** Captioned web images **
──────────
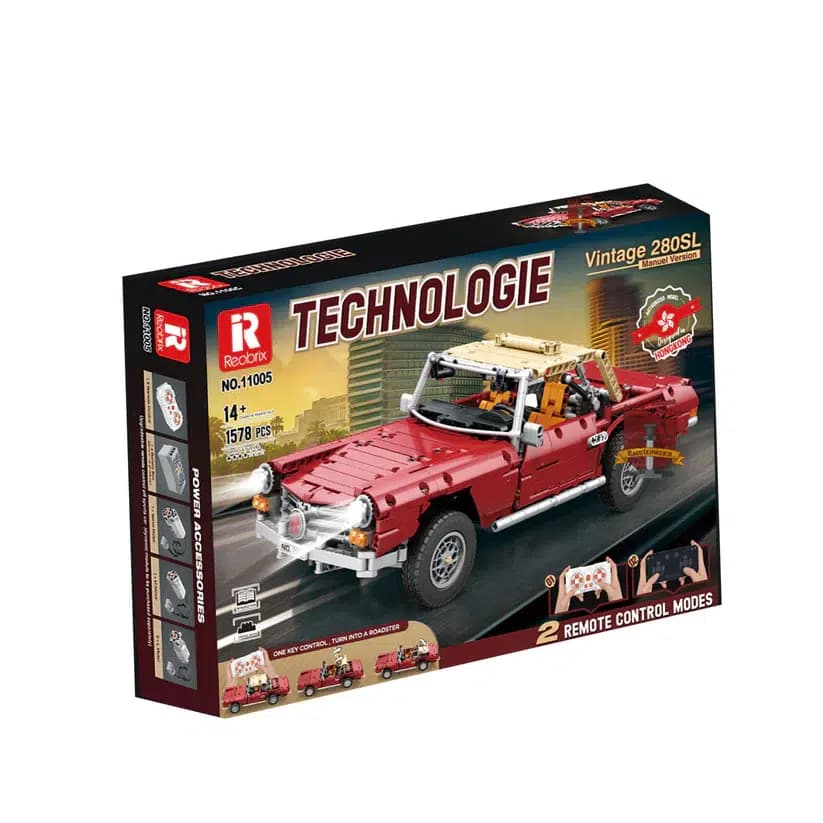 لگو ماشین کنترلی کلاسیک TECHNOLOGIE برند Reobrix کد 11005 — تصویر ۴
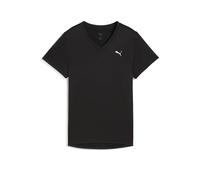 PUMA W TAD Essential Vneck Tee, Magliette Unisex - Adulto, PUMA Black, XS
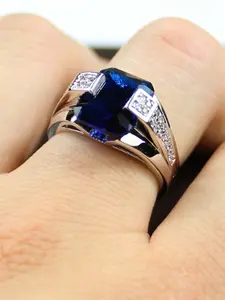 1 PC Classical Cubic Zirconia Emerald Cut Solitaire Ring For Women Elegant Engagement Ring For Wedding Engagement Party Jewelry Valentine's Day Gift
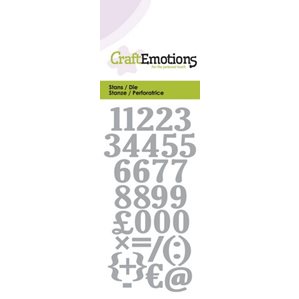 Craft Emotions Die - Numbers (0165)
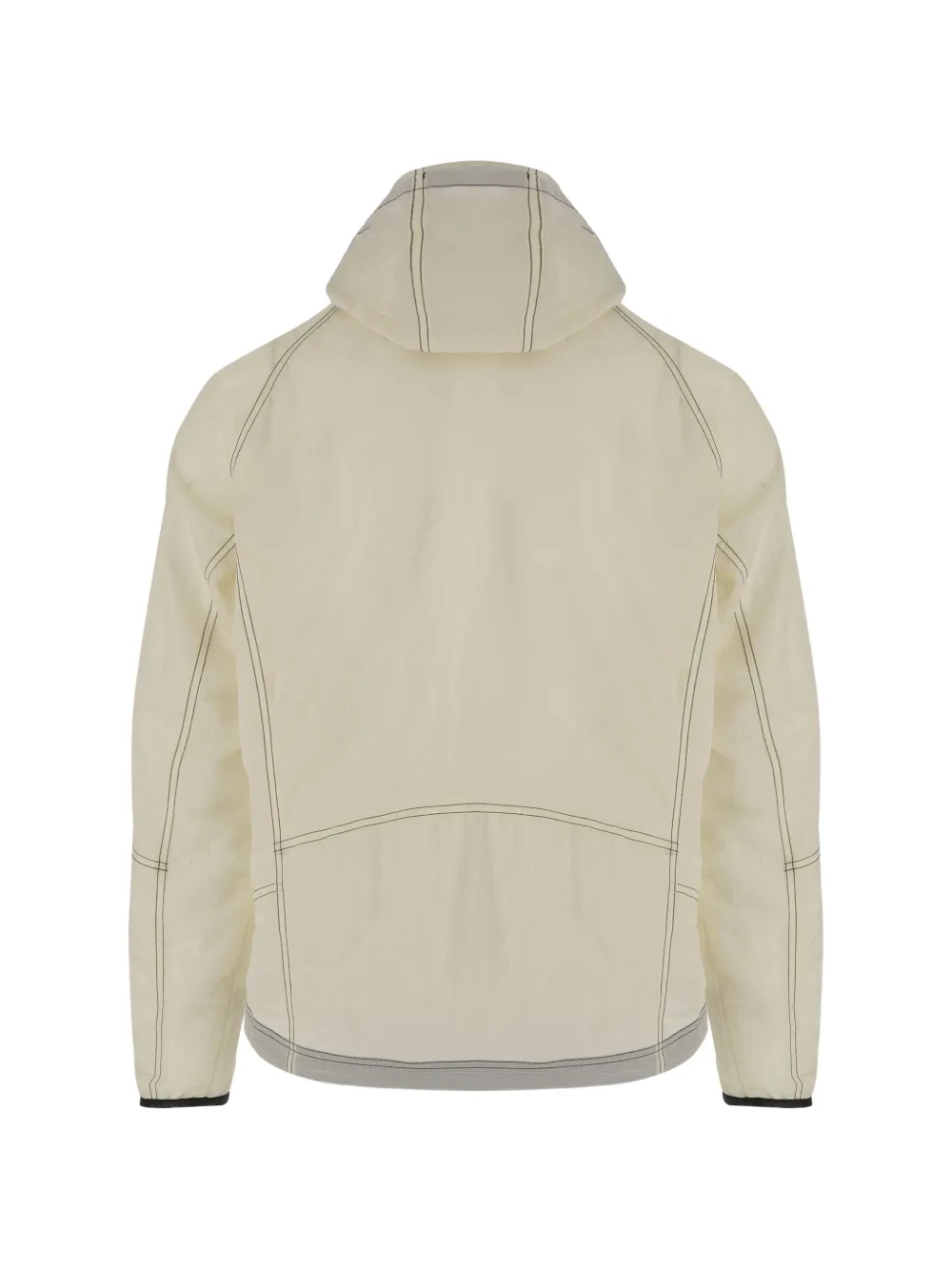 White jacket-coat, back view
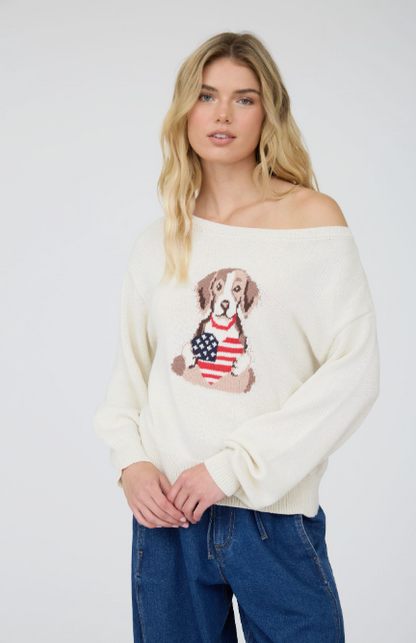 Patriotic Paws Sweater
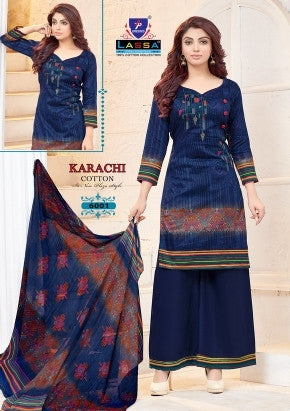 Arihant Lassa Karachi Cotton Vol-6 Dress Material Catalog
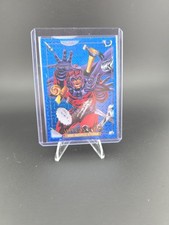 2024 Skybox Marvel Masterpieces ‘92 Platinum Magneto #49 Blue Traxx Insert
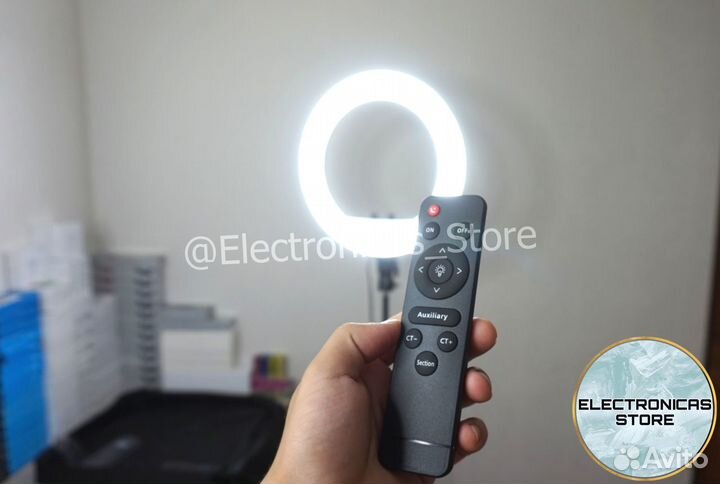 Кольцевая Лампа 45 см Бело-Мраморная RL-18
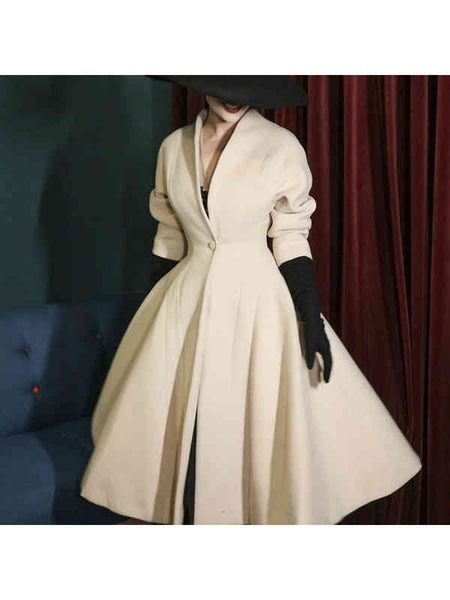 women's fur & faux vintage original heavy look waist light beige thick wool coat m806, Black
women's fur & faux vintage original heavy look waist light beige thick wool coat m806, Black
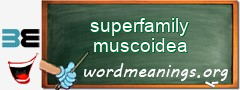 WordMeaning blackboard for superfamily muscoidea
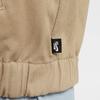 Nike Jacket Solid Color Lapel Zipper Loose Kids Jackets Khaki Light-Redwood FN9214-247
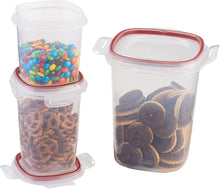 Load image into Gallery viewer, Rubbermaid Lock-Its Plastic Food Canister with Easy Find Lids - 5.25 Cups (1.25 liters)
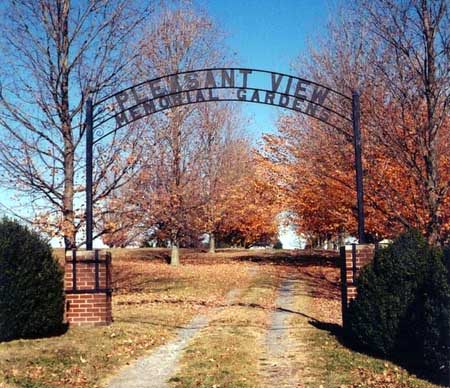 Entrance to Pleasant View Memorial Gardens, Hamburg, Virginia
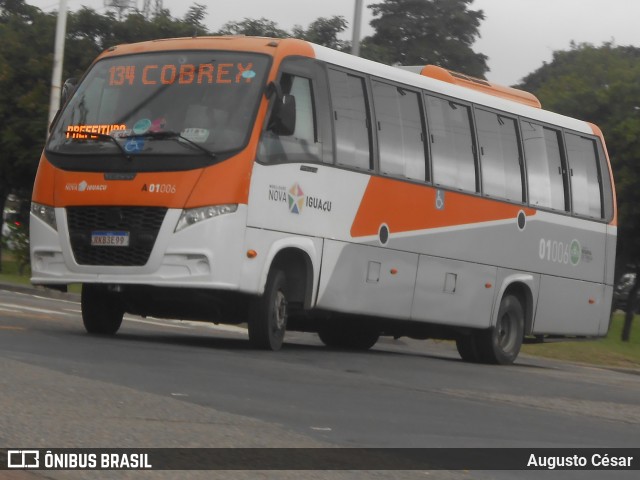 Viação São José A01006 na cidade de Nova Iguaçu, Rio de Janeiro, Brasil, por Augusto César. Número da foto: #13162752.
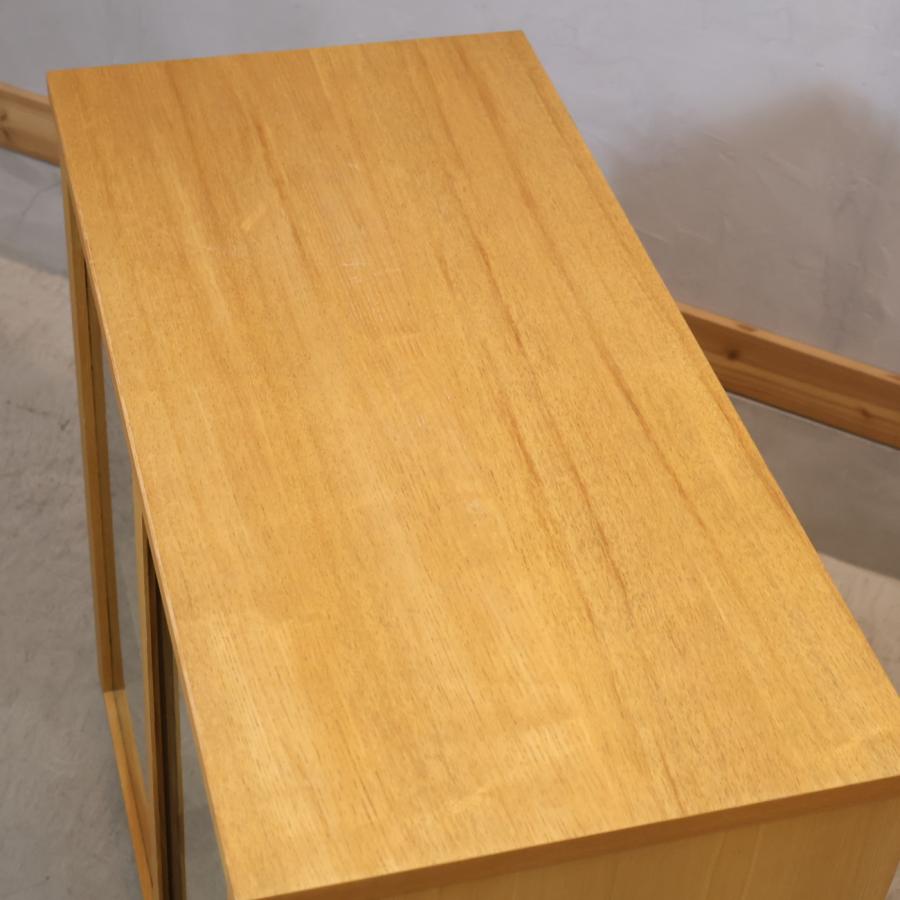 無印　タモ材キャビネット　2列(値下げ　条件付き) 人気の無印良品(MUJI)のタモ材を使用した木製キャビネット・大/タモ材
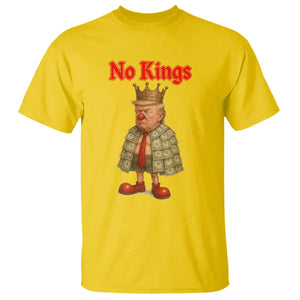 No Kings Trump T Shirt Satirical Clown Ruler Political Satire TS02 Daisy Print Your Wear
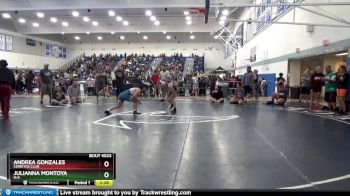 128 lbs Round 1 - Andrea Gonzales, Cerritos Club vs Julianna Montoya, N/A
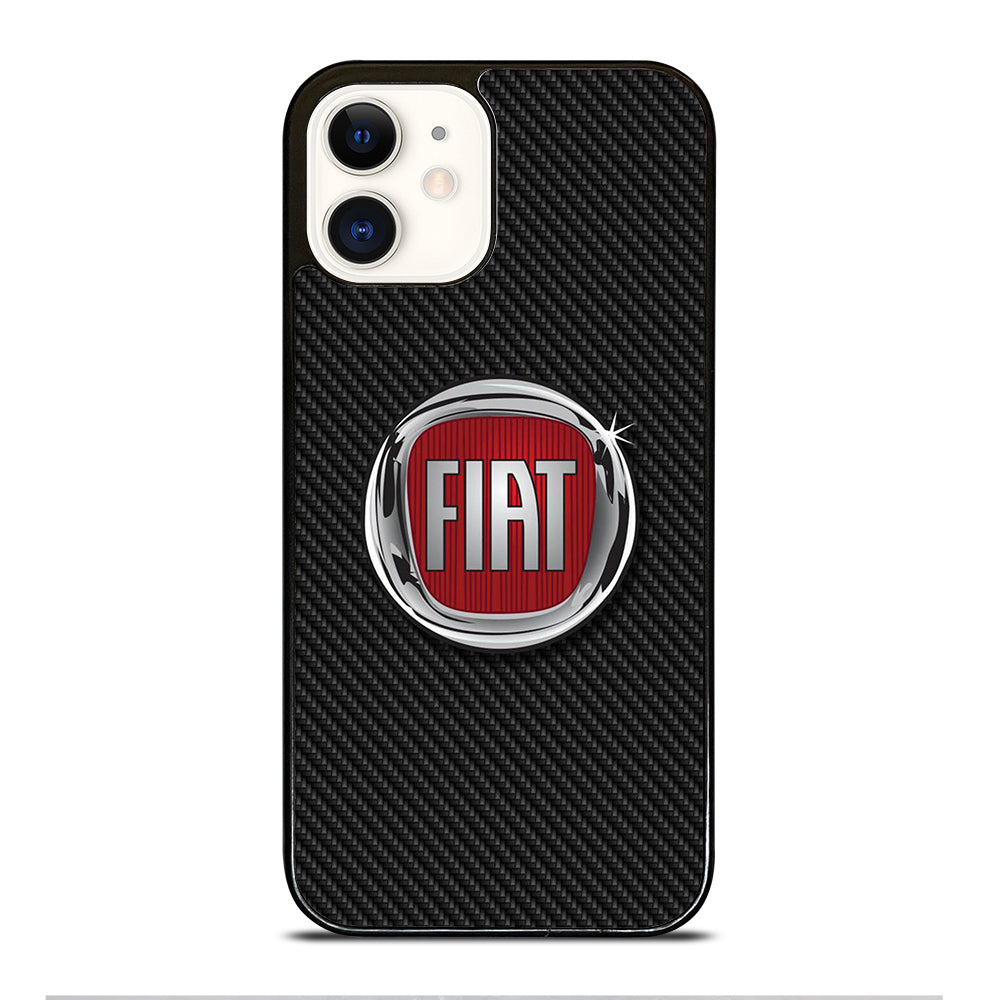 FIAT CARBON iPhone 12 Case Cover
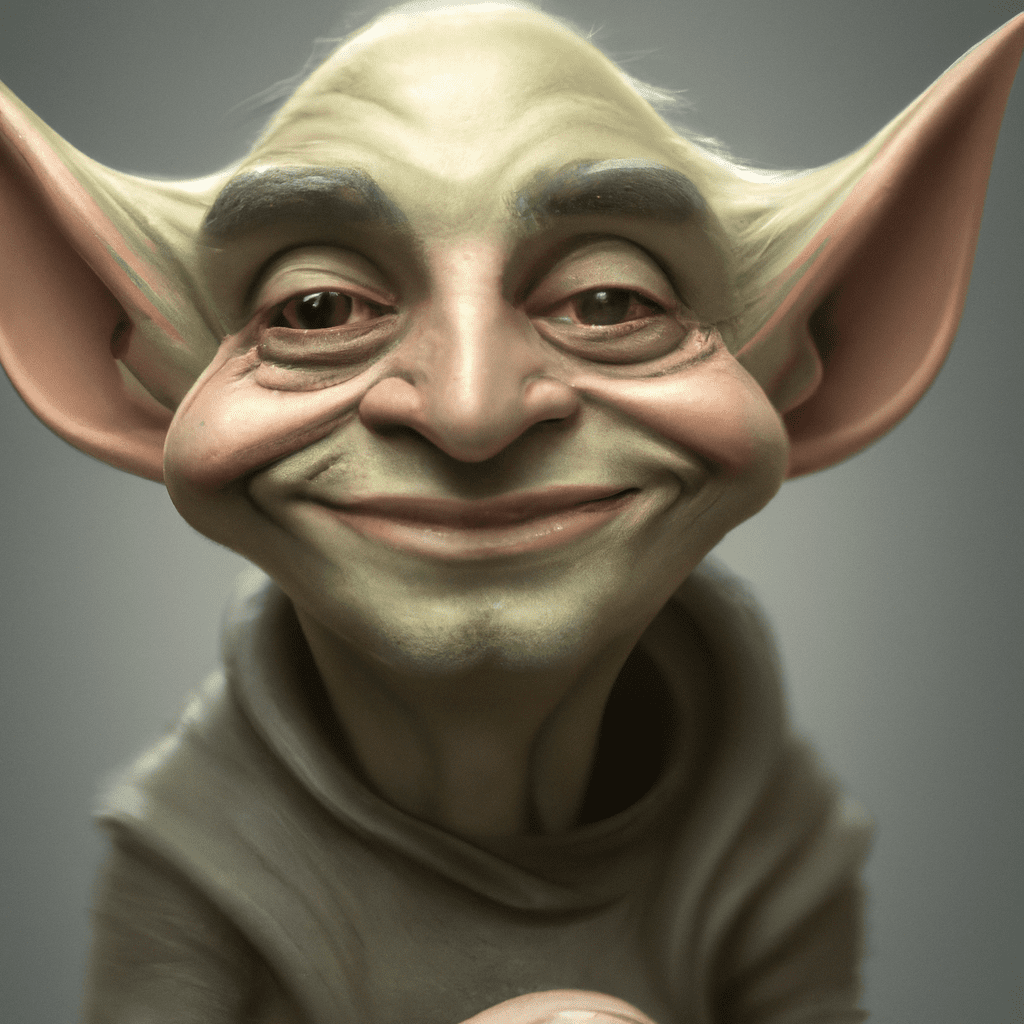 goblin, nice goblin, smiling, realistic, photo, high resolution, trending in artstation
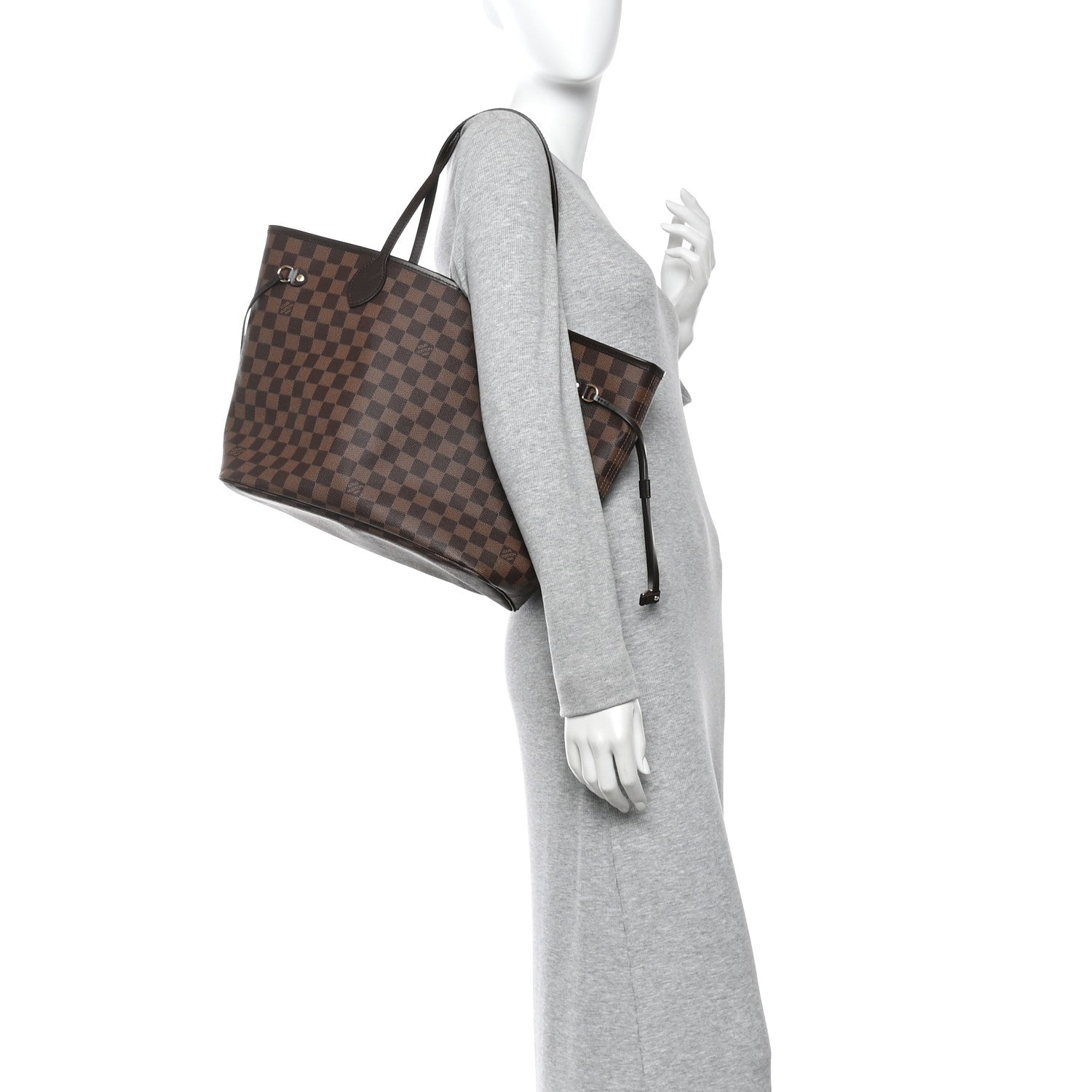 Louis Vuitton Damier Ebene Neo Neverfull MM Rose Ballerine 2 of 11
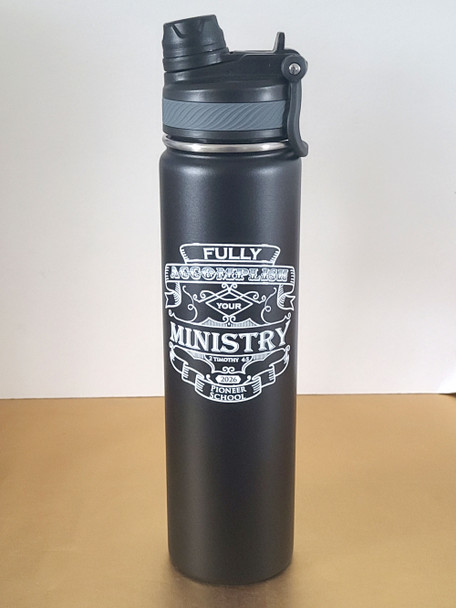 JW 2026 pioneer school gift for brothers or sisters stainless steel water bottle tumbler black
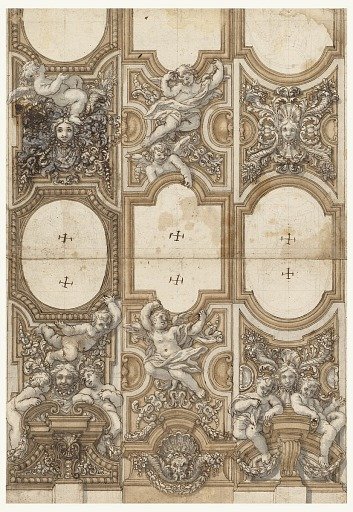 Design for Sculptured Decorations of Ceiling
──────────
** Aim of the exercise **
Excluding the pictures, retype the line containing "WordMeaning blackboard for" and all lines after it down to the end of the data above.

** Answer space **
 WordMeaning blackboard for superfamily muscoidea
 Nike Jacket Solid Color Lapel Zipper Loose Kids Jackets Khaki Light-Redwood FN9214-247
 Load image into Gallery viewer, Rubbermaid Lock-Its Plastic Food Canister with Easy Find Lids - 5.25 Cups (1.25 liters)
 Entrance to Pleasant View Memorial Gardens, Hamburg, Virginia
 Viação São José A01006 na cidade de Nova Iguaçu, Rio de Janeiro, Brasil, por Augusto César. Número da foto: #13162752.
 無印　タモ材キャビネット　2列(値下げ　条件付き) 人気の無印良品(MUJI)のタモ材を使用した木製キャビネット・大/タモ材
 No Kings Trump T Shirt Satirical Clown Ruler Political Satire TS02 Daisy Print Your Wear
 128 lbs Round 1 - Andrea Gonzales, Cerritos Club vs Julianna Montoya, N/A
 FIAT CARBON iPhone 12 Case Cover
 goblin, nice goblin, smiling, realistic, photo, high resolution, trending in artstation
 Louis Vuitton Damier Ebene Neo Neverfull MM Rose Ballerine 2 of 11
 JW 2026 pioneer school gift for brothers or sisters stainless steel water bottle tumbler black
 Design for Sculptured Decorations of Ceiling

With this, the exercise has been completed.